Agustina Bessa-Luís, revela a sua filha Mónica Baldaque, “não gostava muito de homenagens” mas “gostava de festas de anos com bolo e champanhe”. A 15 de Outubro do próximo ano vai comemorar-se o centenário do seu nascimento e Lisboa terá então um salão de festas adequado à ocasião.

A partir desta quinta-feira, data em que se assinalam dois anos desde a morte de Agustina, o salão nobre da Biblioteca Palácio Galveias recebe o nome da escritora. A ideia partiu da vereação do CDS na Câmara de Lisboa logo após o falecimento de Agustina e obteve a concordância de todas as forças políticas. “Entendemos que Lisboa deveria prestar uma justíssima homenagem à obra e vida de Agustina Bessa-Luís, que tem um papel e um lugar ímpares na literatura portuguesa contemporânea”, afirma Assunção Cristas.
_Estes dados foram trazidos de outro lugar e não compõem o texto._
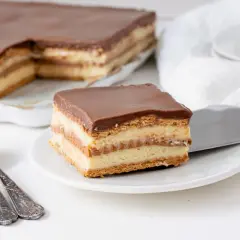 Una porción de tarta de la abuela, con capas de galleta y crema, cubierta de chocolate.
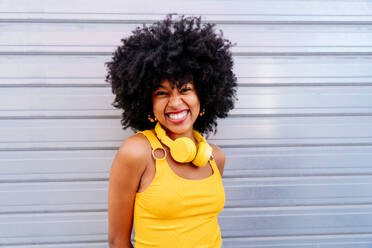 Schöne junge glückliche afrikanische Frau mit Afro-Lockenfrisur schlendert in der Stadt - Fröhliche schwarze Studentin Porträt auf bunten Wand Hintergrund - DMDF05979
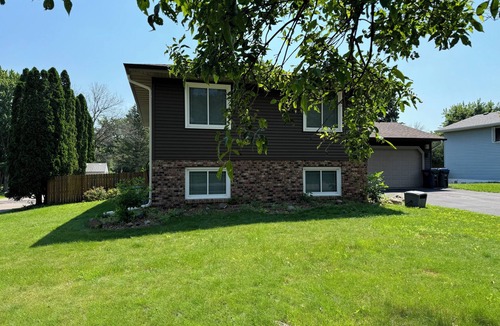 North Saint Paul House | 2000 sq ft home with a swimming pool and a hot tub
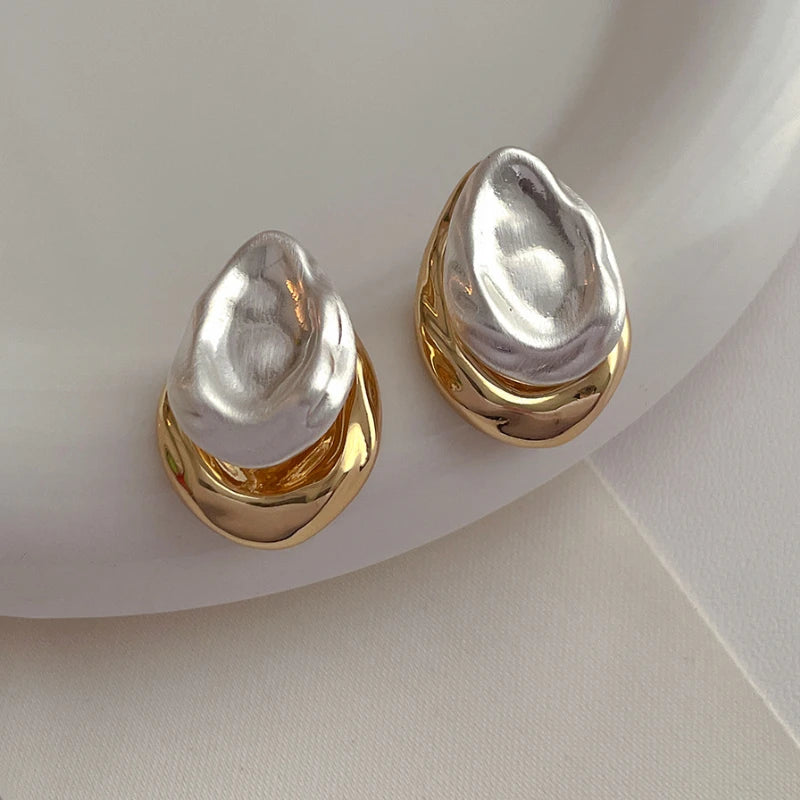 Mixed silver and gold teardrop earrings showcasing a modern, timeless style for chic looks.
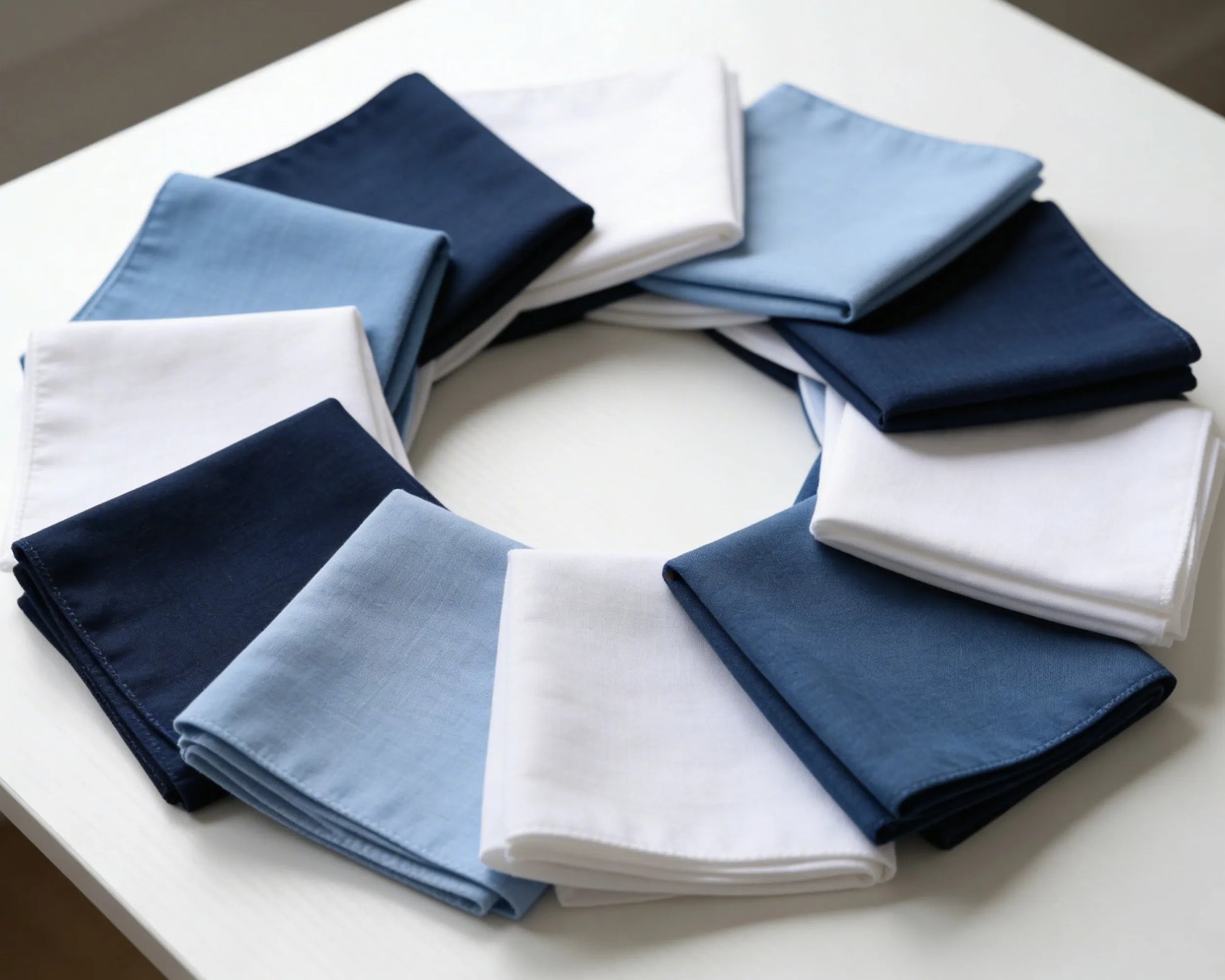 Circular arrangement of folded blue, white, and navy hanky on a white surface.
Autora de livros onde o Porto e o Douro são frequentemente a paisagem de fundo, “Agustina sempre disse que Lisboa era a sua cidade”, diz Mónica Baldaque. “O Norte, o Porto era a cidade onde ela trabalhava, mas o seu gosto era a cidade de Lisboa”, comenta. Ainda que assim não fosse, acrescenta Cristas, “ficaria mal a Lisboa, enquanto capital, se não reconhecesse e não chamasse a si uma figura que não é apenas do Norte, é do país e do mundo, por aquilo que escreveu e pelo que nos deixa.”

Quando morreu, a 3 de Junho de 2019, a autora de A Sibila e Vale Abraão, Dentes de Rato e Fanny Owen, entre muitos outros títulos, foi recordada como um “mistério literário” com um “génio” perante o qual o Presidente da República “se curvou”. Esta quinta-feira, que calha ser feriado, as Galveias recebem o crítico literário e poeta Pedro Mexia, a família de Agustina e o presidente da câmara, Fernando Medina, para o descerrar da placa.
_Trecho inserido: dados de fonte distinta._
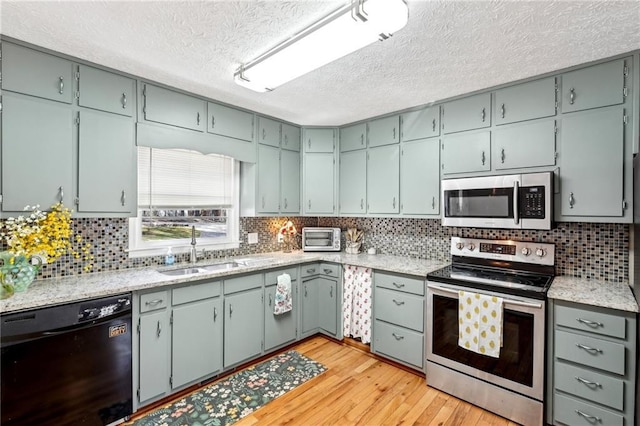 kitchen featuring light wood-style flooring, tasteful backsplash, appliances with stainless steel finishes, and a sink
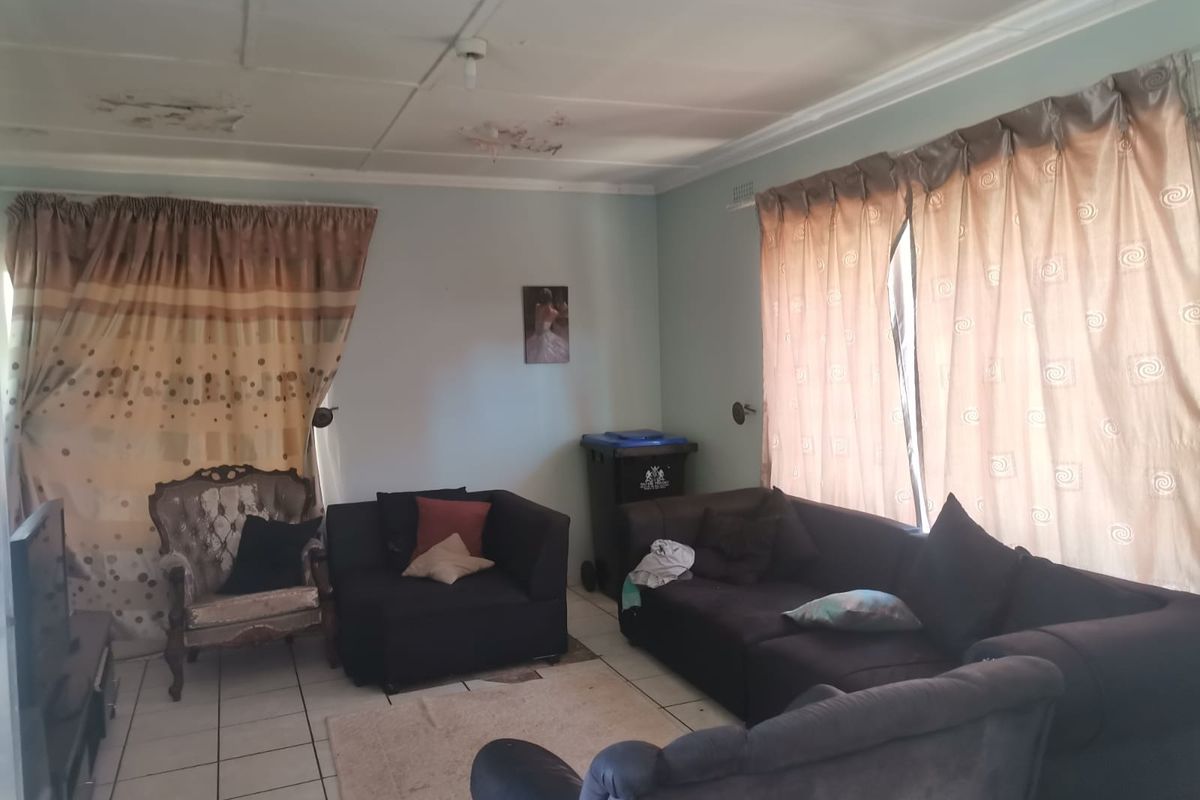 A living room featuring tiled flooring and large windows with curtains. The ceiling shows visible signs of water damage.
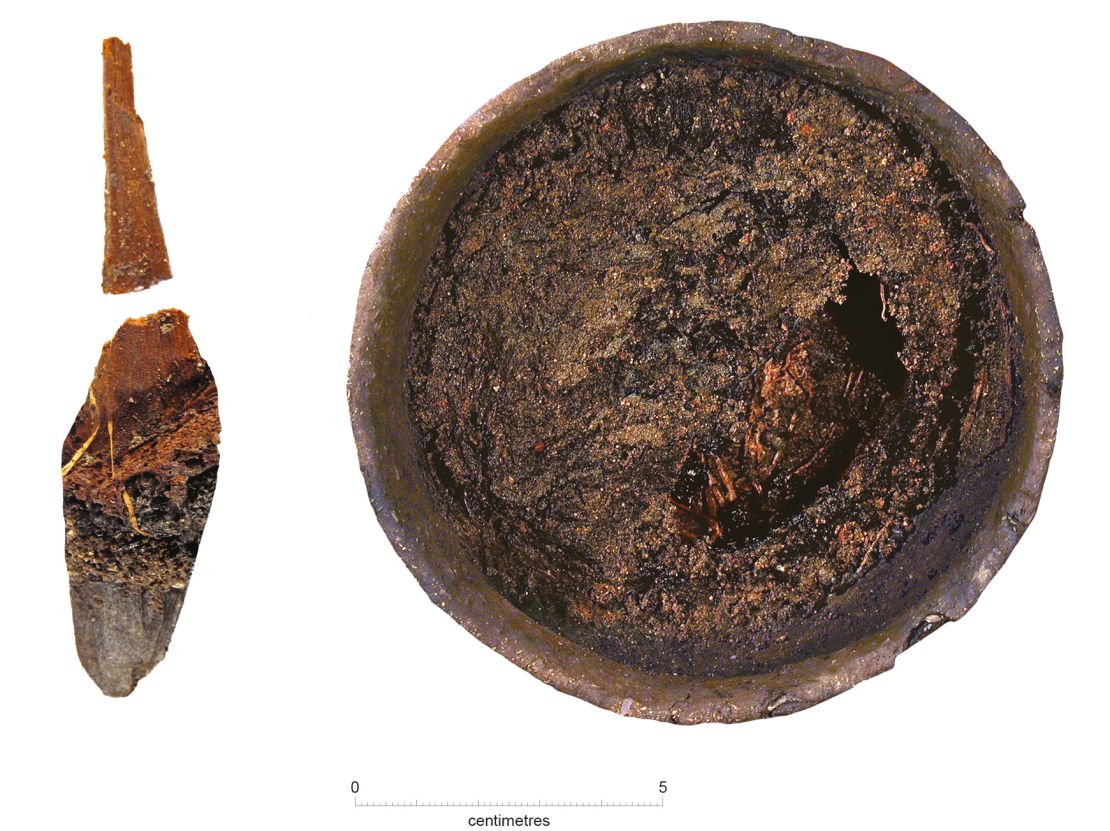 Analyses of Bronze Age dishes found at the site, such as the spoon (left) and bowl (right) shown here, have helped reveal what Must Farm inhabitants ate.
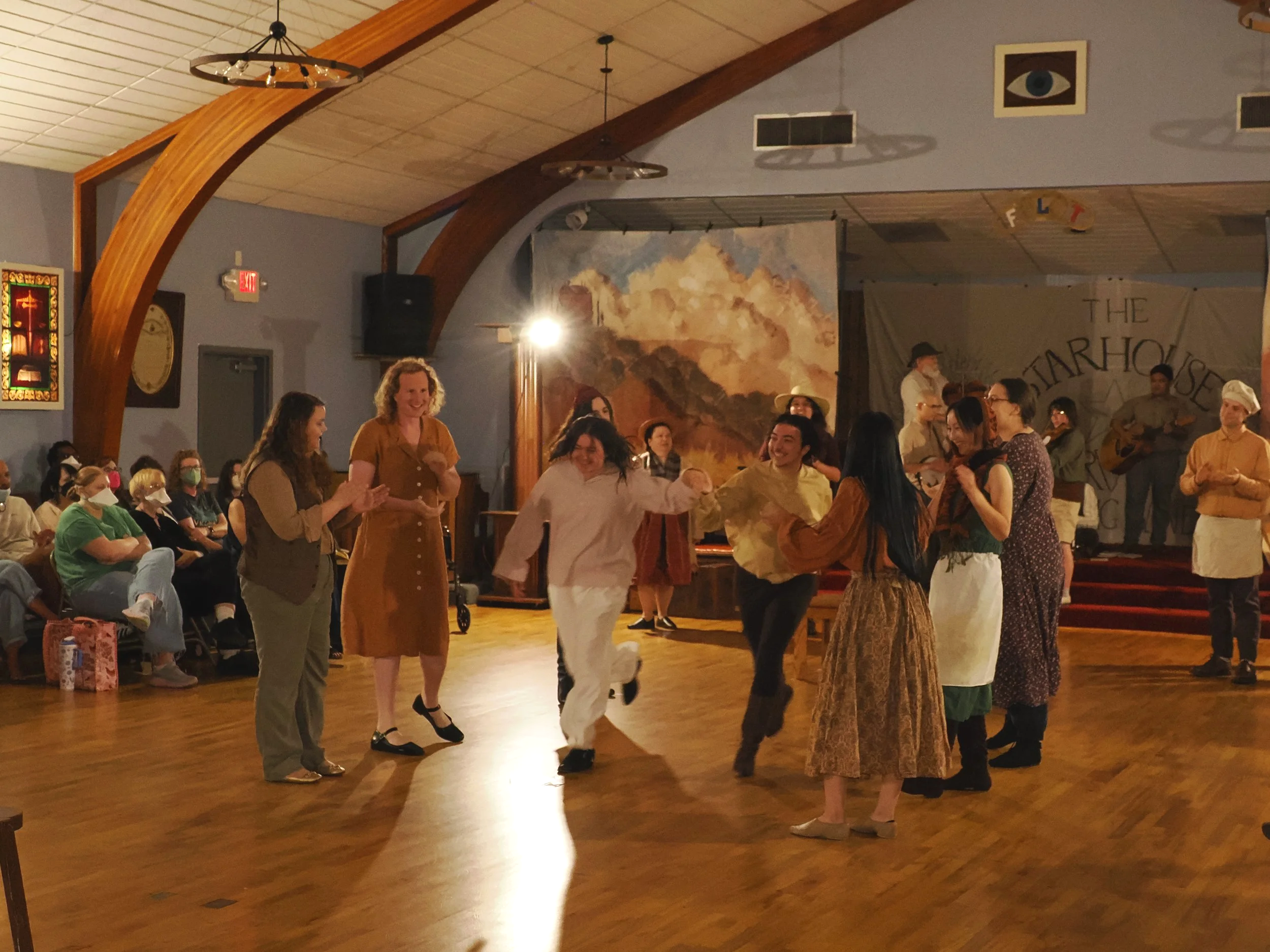 The peasants sing and dance in celebration of the harvest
“A nossa ideia é que isto seja o começo de alguma coisa, que desperte o interesse para Agustina e para a sua obra, como também possa despertar, dentro da própria câmara, a vontade de ter iniciativas para dar a conhecer Agustina. Que não se fique só pelo descerrar de uma lápide”, deseja Assunção Cristas.
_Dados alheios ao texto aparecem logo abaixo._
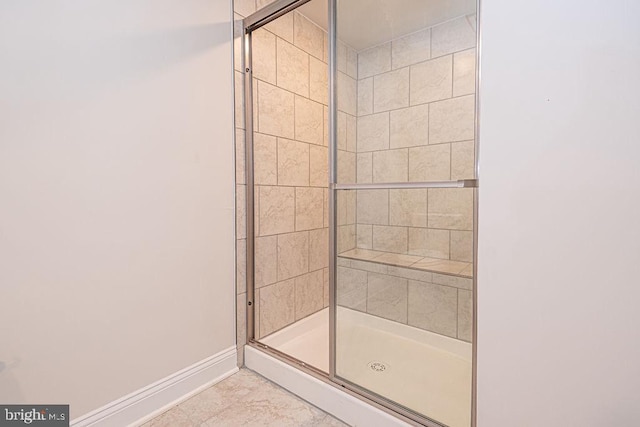 bathroom featuring an enclosed shower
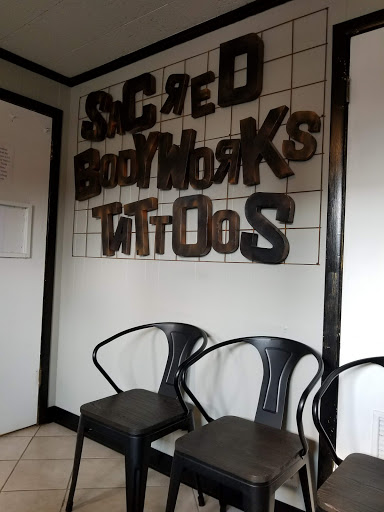 Explore red hand tattoo ideas, creative tattoo ideas in Massillon, available at Sacred Body Works Tattoo By appointment. Contact your artist for availability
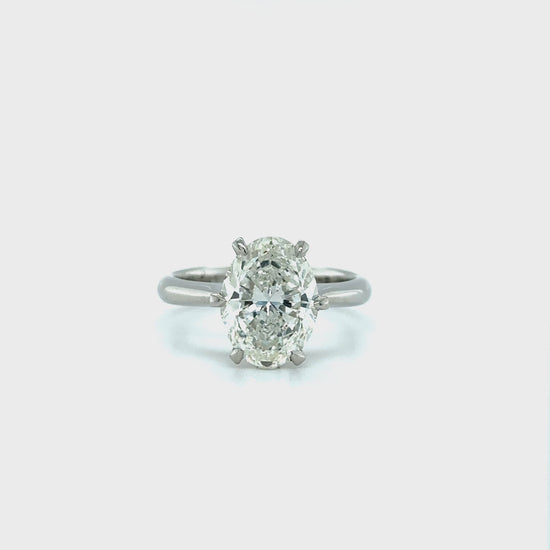 A, shimmering, oval, solitaire, diamond, ring, glitters, gracefully, on, a, finger, adorned, with, elegance, and, sophistication, perfect, for, engagements, or, special, occasions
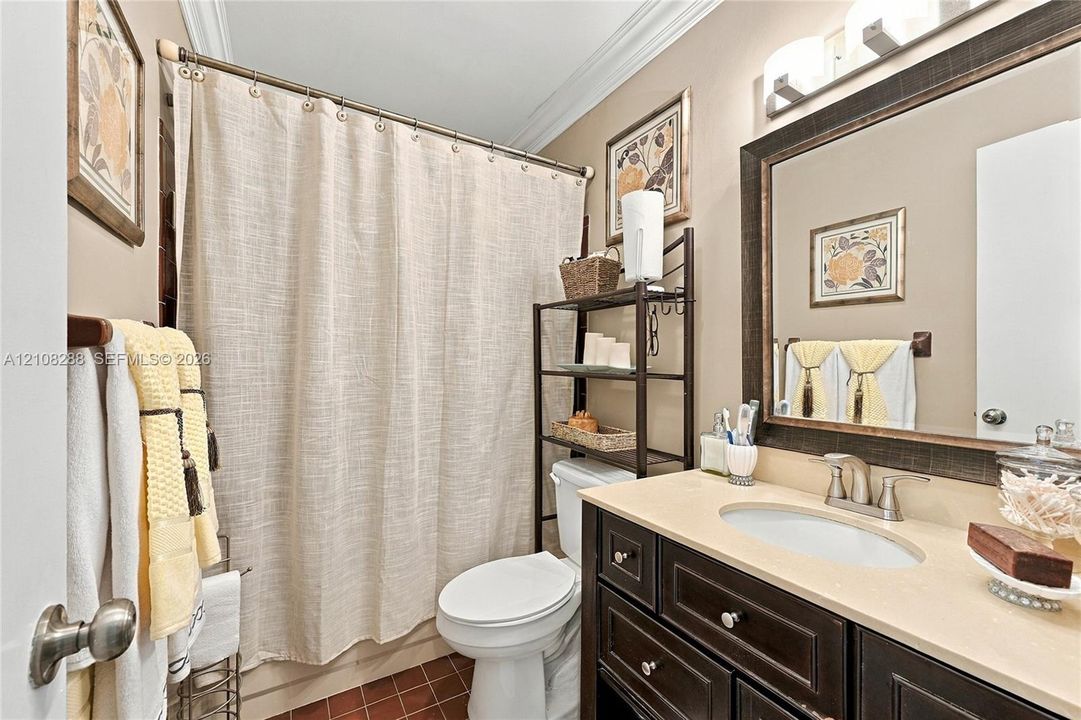 Guest Bathroom featuring a vanity with dark-finish cabinetry, a light-toned countertop, and an undermount oval sink, complemented by a framed wall mirror, crown molding, and tiled flooring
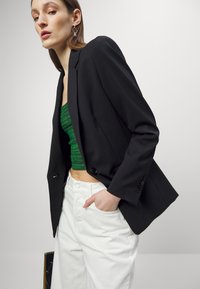Blazer nero con spalle strutturate, chiusura con un bottone, sopra un top a coste verde, abbinato a pantaloni bianchi a vita alta.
Mónica Baldaque, que no princípio deste ano publicou o diário familiar Sapatos de Corda, congratula-se por haver “muita gente nova, muita mesmo, a descobrir Agustina e a interessar-se por ela de uma forma perfeitamente nova, já sem os preconceitos dos mais velhos”. Para isso tem contribuído, acredita, a reedição da obra da mãe pela Relógio d’Água e a procura dos seus livros para adaptações cinematográficas. “Os novos estão na primeira linha.”

Já sem a presença física de Agustina – que aliás comentava que eram mais os que a conheciam do que aqueles que liam o seu trabalho – “fica a obra e isso é que realmente é fundamental para o conhecimento de um pensamento”, sublinha Mónica Baldaque. “É como dizia o meu pai: a obra de Agustina só daqui a 100 anos é que vai ser verdadeiramente valorizada e conhecida.”

Assunção Cristas concorda: “O grande tempo da obra de Agustina é o que está para vir.” E arrisca que “vai ser uma autora muitíssimo valorizada quando as novas gerações se aperceberem das temáticas que aborda, nomeadamente a centralidade que a mulher tem em toda a sua obra.” A vereadora do CDS acredita que esse poderá ser “um ângulo interessante de descoberta”, especialmente “numa altura em que continuamos a precisar muito de olhar atentamente para as mulheres, para o que fazem, para o que podem fazer, para o que não nos deixam fazer, para a forma como muitas vezes são subalternizadas na sociedade.”

“Os tempos mudam, é verdade, mas a alma não muda”, resume Mónica Baldaque. “A grande preocupação de Agustina é o conhecimento da alma e é isso que vai permanecer.” Sobre o centenário que se avizinha não tem dúvidas: “Fazer-lhe uma festa de anos em Lisboa vai ser muito bonito.”